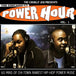 The Choklit Jox Presents: The Chicago Power Hour Vol. 1 (60 Mins Of Chi-Town Rawest Hip-Hop Power Music) (CD)-CDs-UnDigable Digs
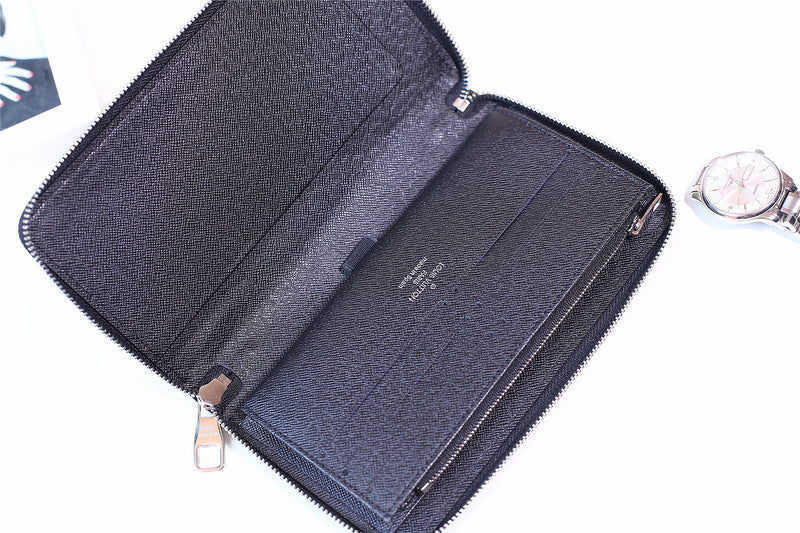 Rezaus Fashion LTB-bags - 10877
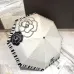 CHANEL umbrella #A66268
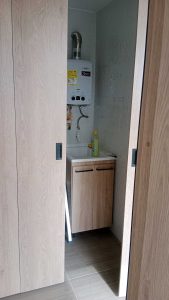 se_arrienda_apartamento_en_bre_1783950596-7707_2123.jpeg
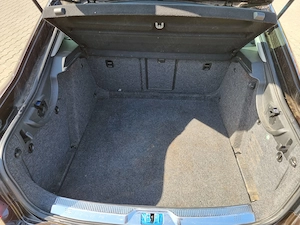 Skoda Super Ambition Business, 2.0 TDI, 170 CP - imagine 6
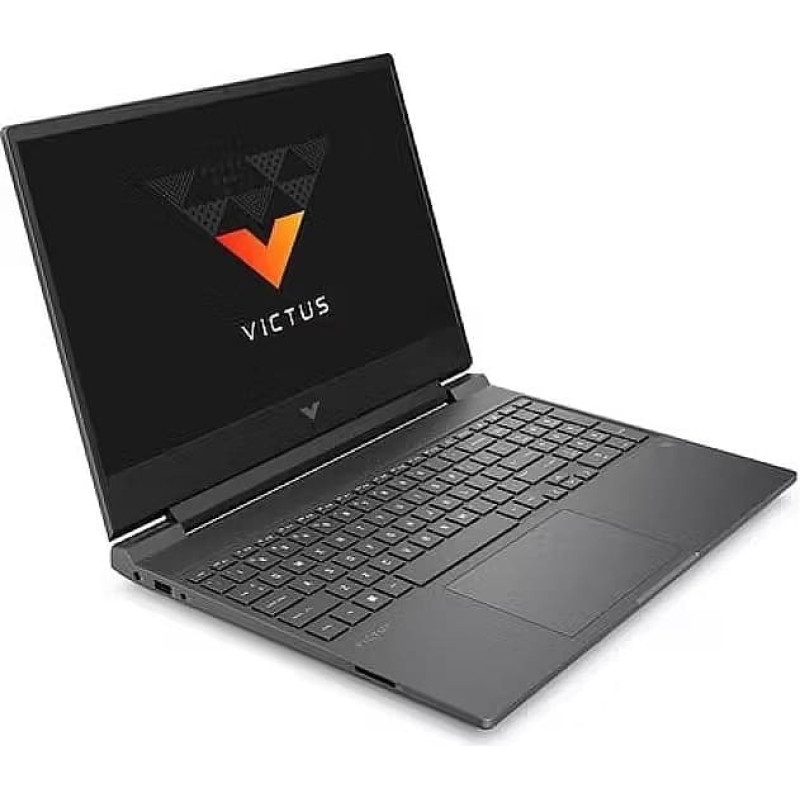 HP Victus 15-fb2724nw - Ryzen 5 8645HS | 15,6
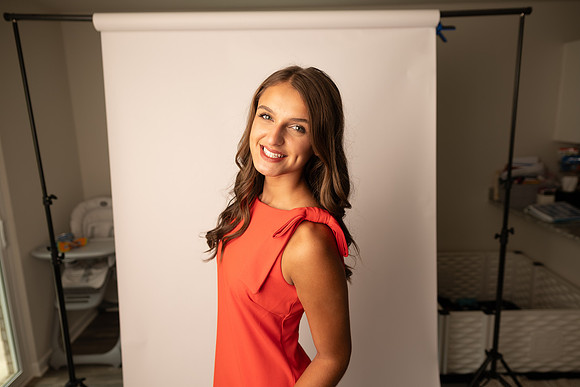 Emma-260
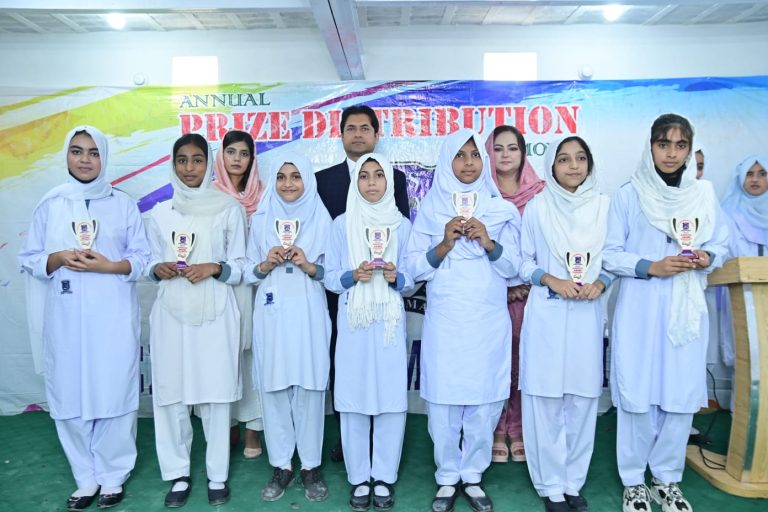 WhatsApp Image 2025-09-28 at 7.20.32 PM (3)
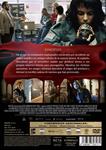 Whistle, El Silbido del Mal - DVD | 8436587703171 | Corin Hardy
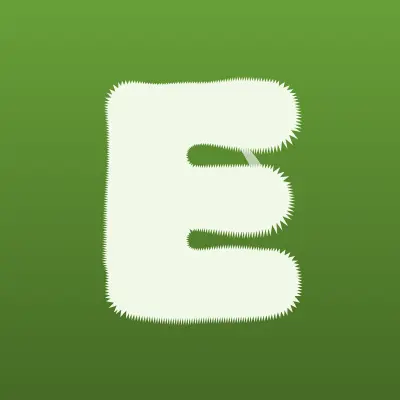 Визитка: Экспертно-криминалистический центр ГУ МВД России по Алтайскому краю в Барнауле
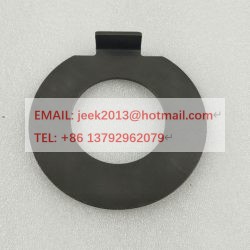 29070011291 RETAINING RING FOR SDLG WHEEL LOADER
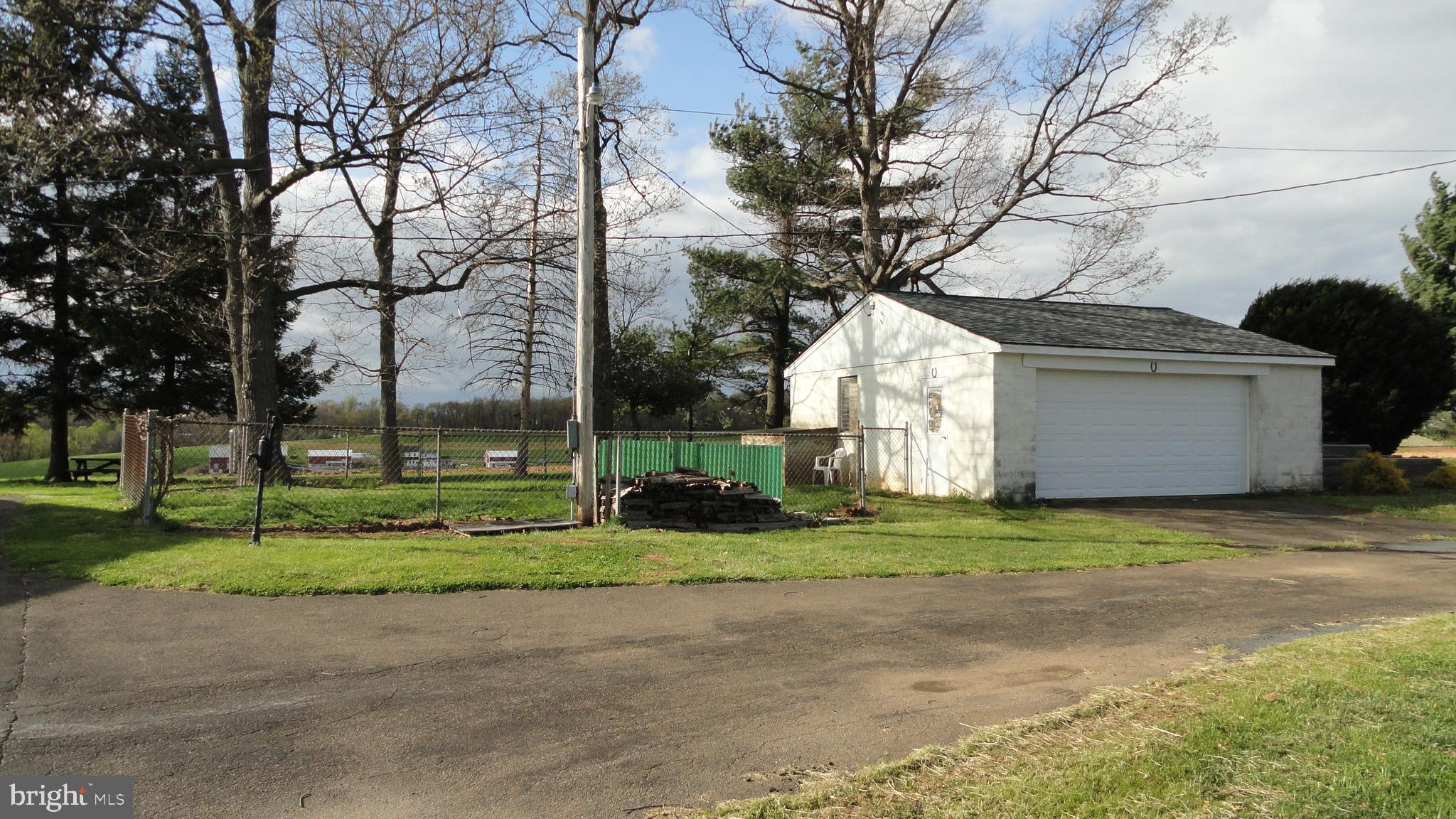530 Conowingo Road Quarryville, PA 17566 - Photo 31 of 43 Gallery Image 31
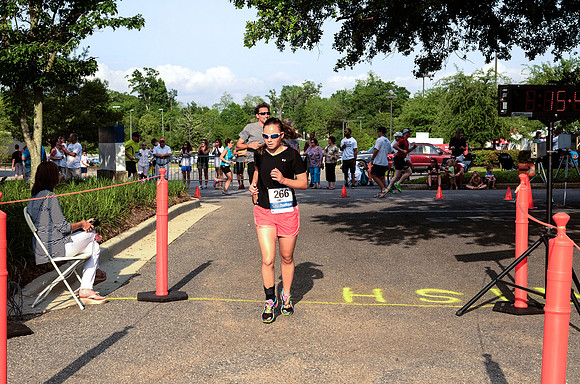 2 finish-0927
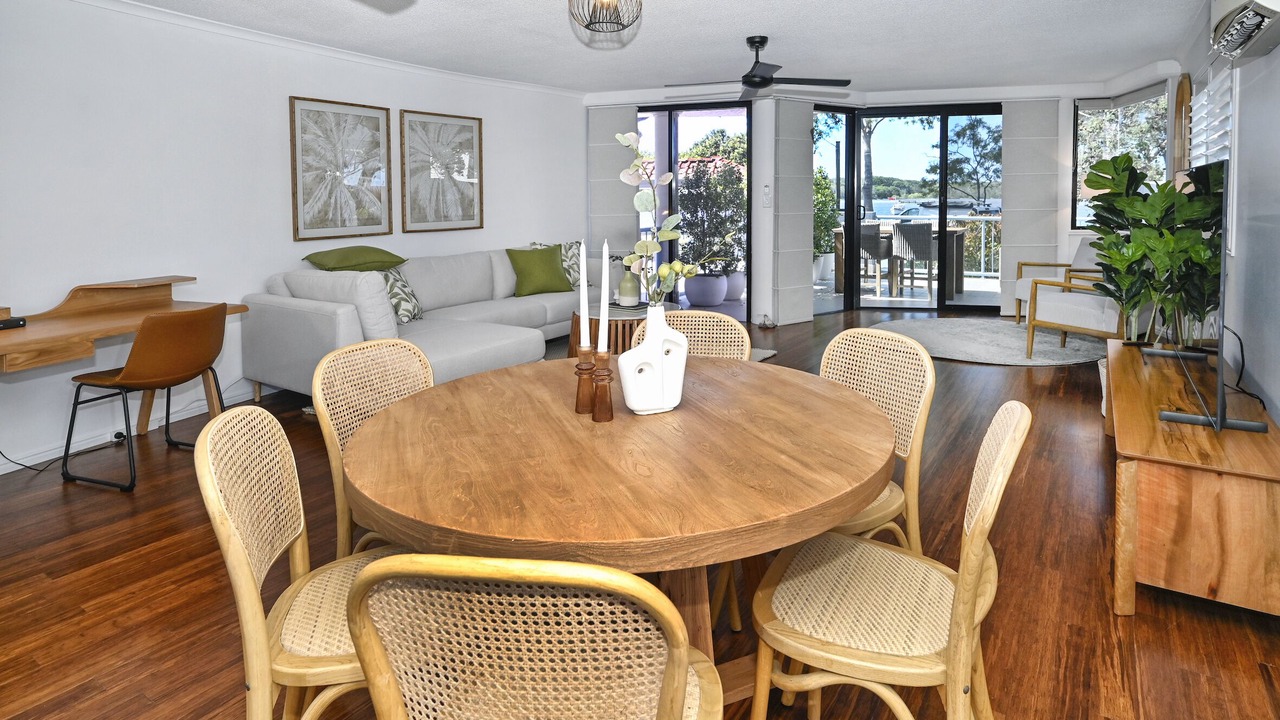 Photo of Others in Maroochydore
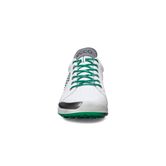  M Golf Biom Hybrid 2 (White)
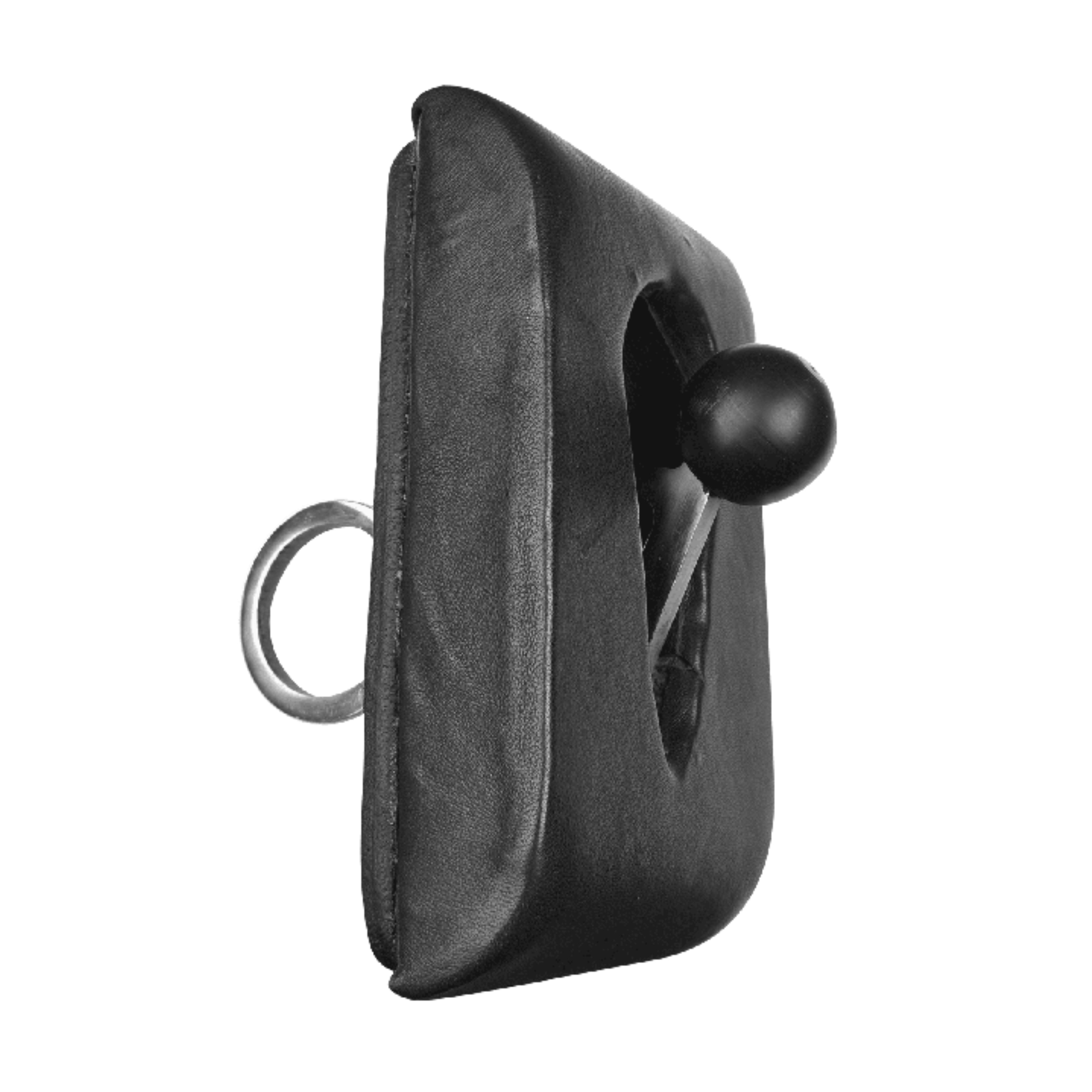 Waldhausen Longe Equibender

→ **How to complete this task**: Pictures stay out; repeat all the rest of the records exactly.

→ **Solution below**:
 The Choklit Jox Presents: The Chicago Power Hour Vol. 1 (60 Mins Of Chi-Town Rawest Hip-Hop Power Music) (CD)-CDs-UnDigable Digs
 Rezaus Fashion LTB-bags - 10877
 CHANEL umbrella #A66268
 se_arrienda_apartamento_en_bre_1783950596-7707_2123.jpeg
 Skoda Super Ambition Business, 2.0 TDI, 170 CP - imagine 6
 HP Victus 15-fb2724nw - Ryzen 5 8645HS | 15,6
 Emma-260
 WhatsApp Image 2025-09-28 at 7.20.32 PM (3)
 Whistle, El Silbido del Mal - DVD | 8436587703171 | Corin Hardy
 Визитка: Экспертно-криминалистический центр ГУ МВД России по Алтайскому краю в Барнауле
 29070011291 RETAINING RING FOR SDLG WHEEL LOADER
530 Conowingo Road Quarryville, PA 17566 - Photo 31 of 43 Gallery Image 31
 2 finish-0927
 Photo of Others in Maroochydore
  M Golf Biom Hybrid 2 (White)
 Waldhausen Longe Equibender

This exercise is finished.